Gegenfinanzierung: Reichensteuer und Kürzungen
Die Gegenfinanzierung erfolgt vor allem über eine Veränderung der „Reichensteuer“. Der Reichensteuersatz wird gesplittet: Ab einem zu versteuernden Einkommen von 250.000 Euro gilt ein Steuersatz von 45 Prozent, ab 280.000 Euro ein Satz von 47 Prozent. Bisher lag der Höchststeuersatz bei 45 Prozent, der ab 277.826 Euro griff. „Wir machen unser Steuersystem gerechter“, sagte Klingbeil. Die Höchstverdiener sollten einen größeren Anteil übernehmen. Eine Vermögensteuer ist nicht geplant.

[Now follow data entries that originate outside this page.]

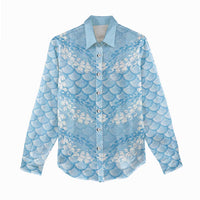 Baby Blue Mermaid Puakenikeni Maile Lei Women Casual Shirt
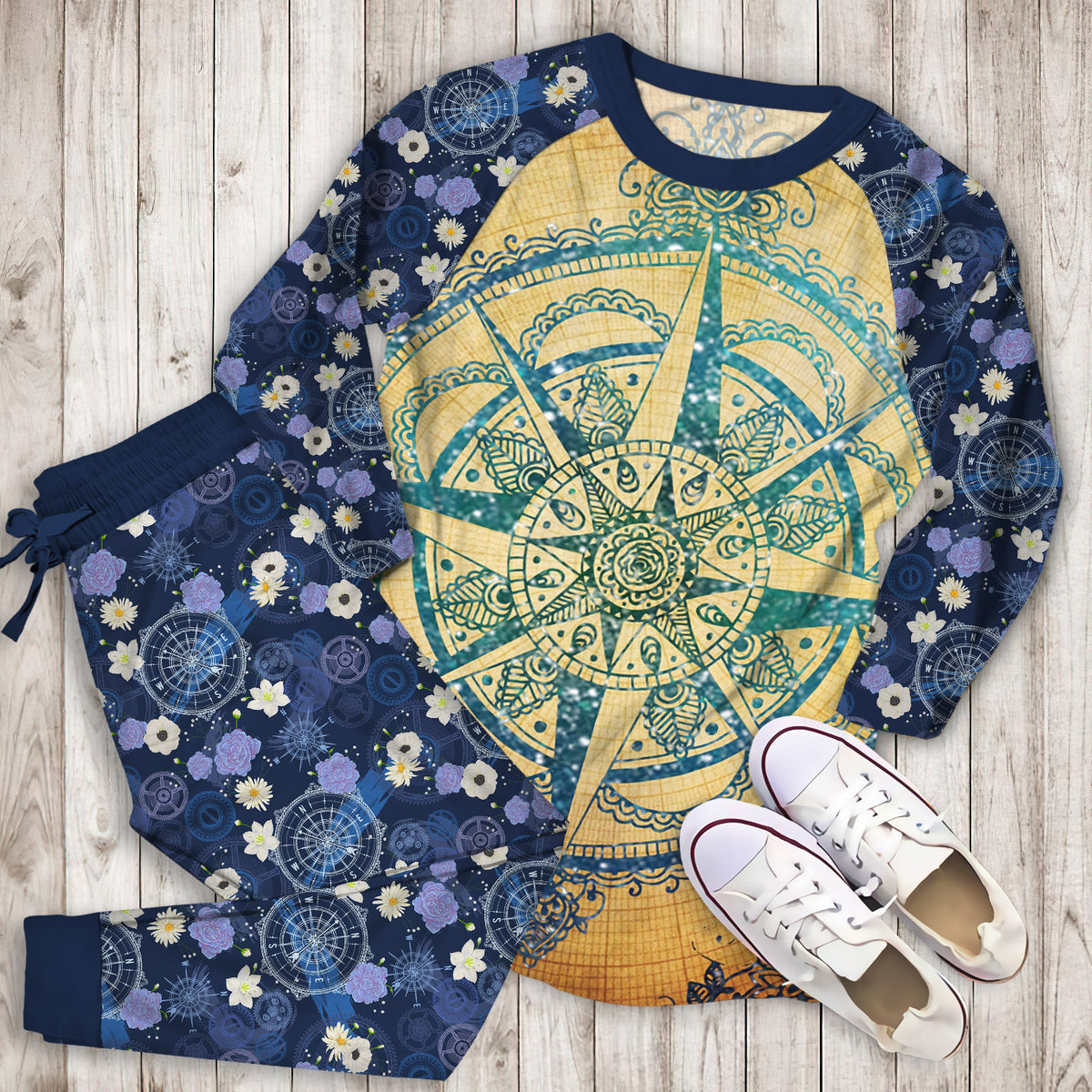 Compass Mandala Pajama Set |Sleepwear Pjs Sets | Raglan Shirt Pants Set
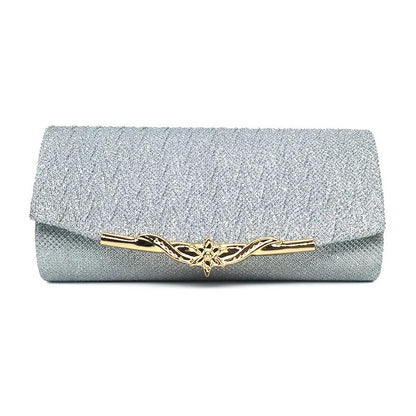 Evening Glitter Clutch Over Shoulder with Chain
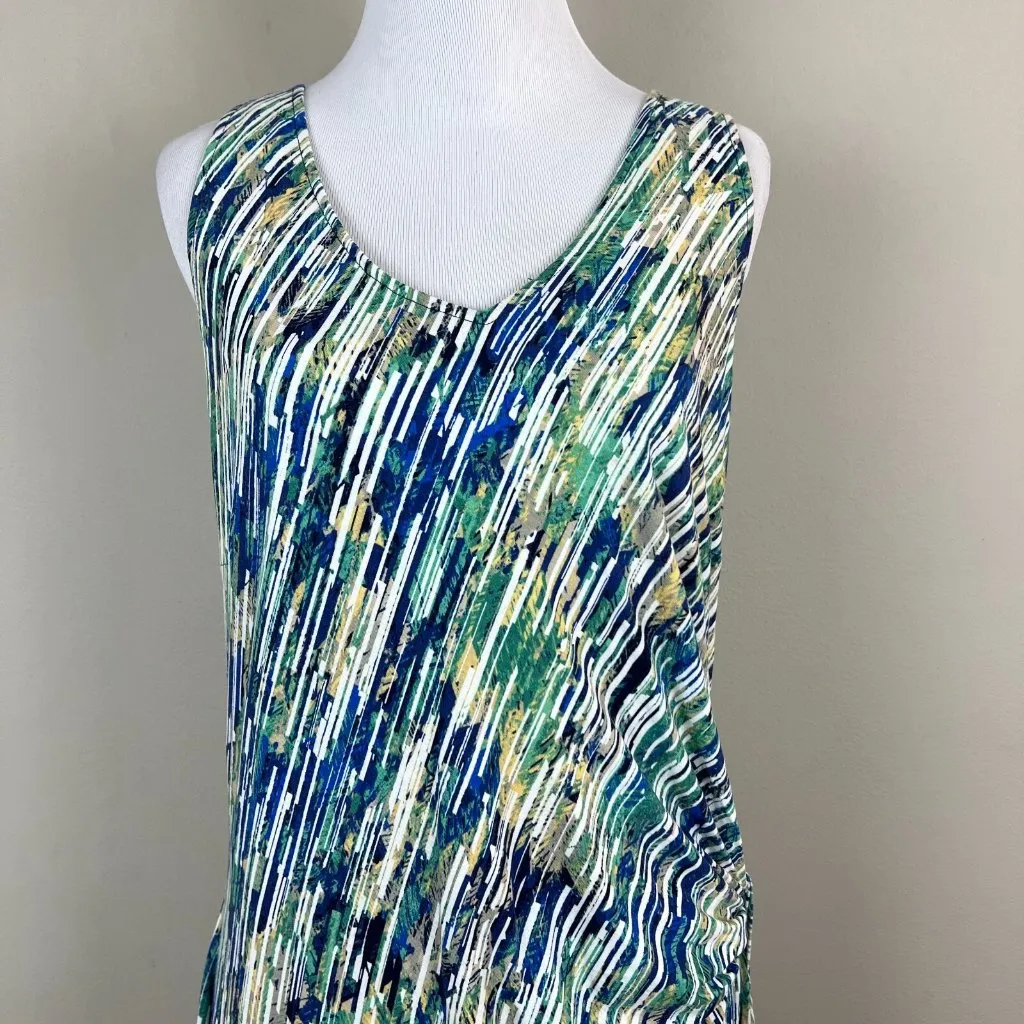 Nic+Zoe Dress‎ XL Blue Geometric Gathered Waist Twist Stretch Knit Sleeveless - Image 3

Zudem wird der „Handwerkerbonus“ reduziert: Die steuerliche Absetzbarkeit von Handwerkerleistungen sinkt von 20 auf 15 Prozent, was die maximale Steuerermäßigung von 1.200 auf 900 Euro pro Jahr senkt. Der Pauschalsteuersatz bei Minijobs steigt von zwei auf fünf Prozent. Außerdem soll die staatliche Förderbank KfW in den Jahren 2027 und 2028 jeweils 500 Millionen Euro Gewinn abführen.
Warum der Bund auf die Länder zugeht
Die Bundesregierung ist bei einer Reform der Einkommensteuer auf den Bundesrat angewiesen, da Bund und Länder jeweils 42,5 Prozent der Einnahmen erhalten, die Gemeinden 15 Prozent. Länder hatten vor Steuermindereinnahmen gewarnt; die Koalition sagt nun zu, dass der Bund einige Ausfälle von Ländern und Kommunen ausgleicht.
Streitpunkte und Ausblick
Ursprünglich war ein Entlastungsvolumen von 20 bis 30 Milliarden Euro im Gespräch, was massive Gegenfinanzierung erfordert hätte. Die Union lehnte einen höheren Spitzensteuersatz ab, da auch Betriebe betroffen wären, sowie eine von der SPD geforderte höhere Erbschaftsteuer. Zur Erbschaftsteuer wird in diesem Jahr ein Urteil des Bundesverfassungsgerichts erwartet. Die Abgabe der Steuererklärung soll vereinfacht werden; die Finanzminister von Bund und Ländern sollen bis Herbst gemeinsame Vorschläge vorlegen, darunter eine automatisch vorausgefüllte, digitale Steuererklärung und eine Pflicht zur Vergabe von Steuernummern an Unternehmen innerhalb von maximal vier Wochen.